Now Van Cleef & Arpels’ innovative beauty is being given pride of place in a new boutique at Neiman Marcus Westchester in White Plains. The sleek, soft-gray 1,000-square-foot space sits alongside the new Precious Jewels Salon — also approximately the same size — replacing the Gift Galleries and continuing the renovations on Level One of the store.

The Precious Jewels Salon is no stranger to WAG. In the very first issue of WAG 2.0 — February 2011’s “Royal Treatment” edition — we featured the neoclassical, numismatic intaglios, cameos and enamels of Elizabeth Locke. At the Precious Jewels Salon, they continue to beckon the discerning eye, as do the saturated colors of Robert Erich’s jewelry, the gem-studded designs of Paul Morelli and Franck Muller’s tony collections of watches for men and women, to name just a few of the offerings.

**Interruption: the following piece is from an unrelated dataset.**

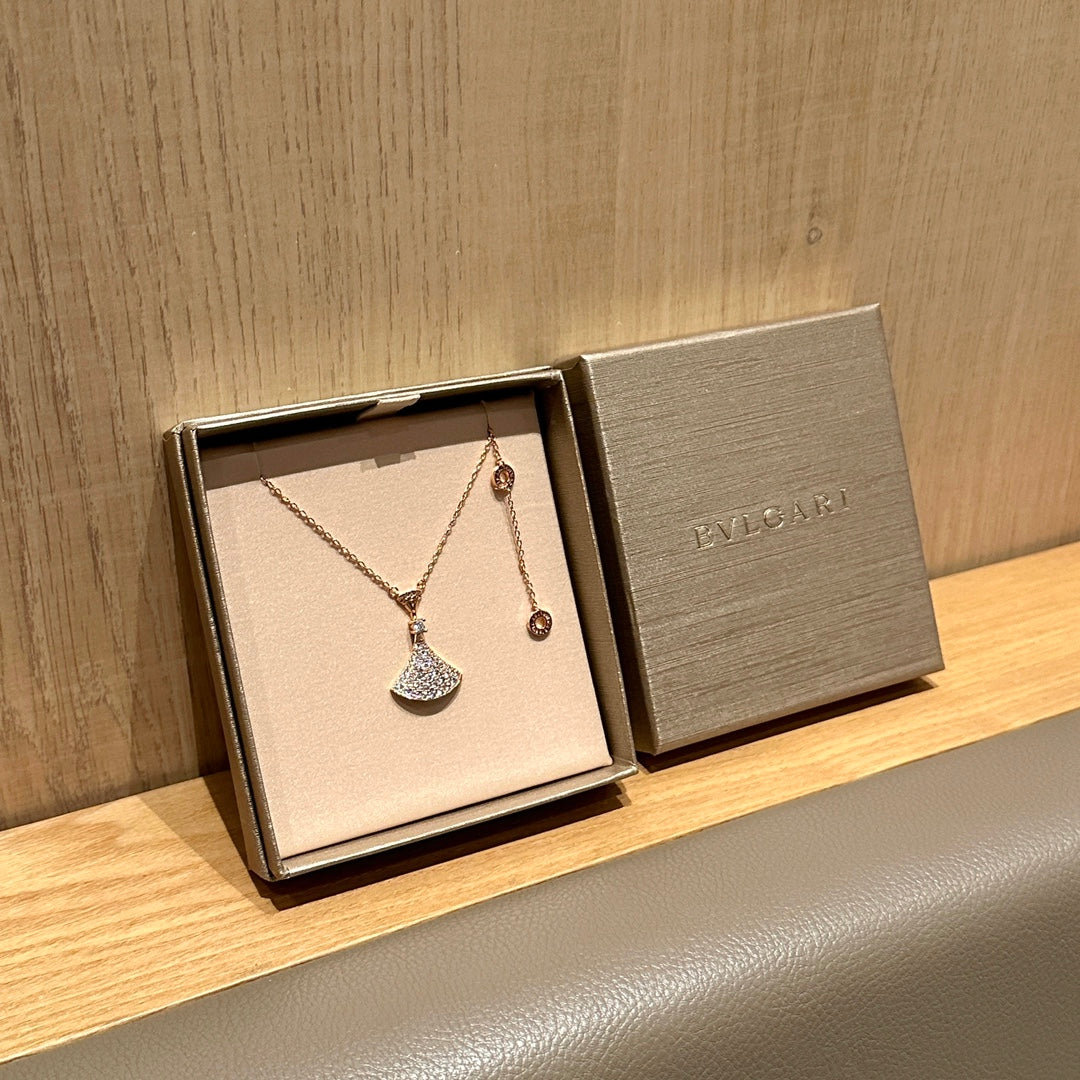 Bulgari Diva Series Fan Necklace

These complement the organic creations of Van Cleef & Arpels, which has been drawing inspiration from nature and the ballet since it was founded in 1906 on fashionable Place Vendôme by Alfred Van Cleef and his wife — the former Estelle Arpels, daughter of a dealer in precious stones — along with her brother Charles. (Brothers Julien and Louis would follow.) Over the years, the Maison, as it calls itself, would find enchantment in couture, myths, folktales and especially dance. It was Louis Arpels who collaborated with New York City Ballet co-founder George Balanchine on the 1967 work “Jewels,” in which each of the three acts plumbs a different gem, mood and place in the choreographer’s heart — “Emeralds,” a bouquet to romantic Paris, set to Fauré; “Rubies,” a tribute to nerve-tingling New York, set to Stravinsky; and “Diamonds,” an ode to imperial Russia, set to Tchaikovsky. (The pas de deux between ballet and  Van Cleef & Arpels continues as the company teams with Benjamin Millepied, a former City Ballet principal, and his L.A. Dance Project.)

But it is perhaps nature that has had the first and foremost claim on the Maison. Alfred Van Cleef was the son of a lapidary and diamond broker. “Butterflies are true emblems of Van Cleef & Arpels,” the company’s press materials proclaim. This spring the Maison has unveiled new pieces in its “Two Butterfly” collection — a pendant, earrings and Between the Finger Ring made of diamonds, white mother-of-pearl and 18-karat rose gold. (The Between the Finger Ring is another Van Cleef & Arpels innovation — described as “two motifs linked by an open band, engaged in elegant dialogue”.)

In the boutique’s intimate, relaxing Library and VIP Room, you can pore over these and other creations — on the page and on your flesh.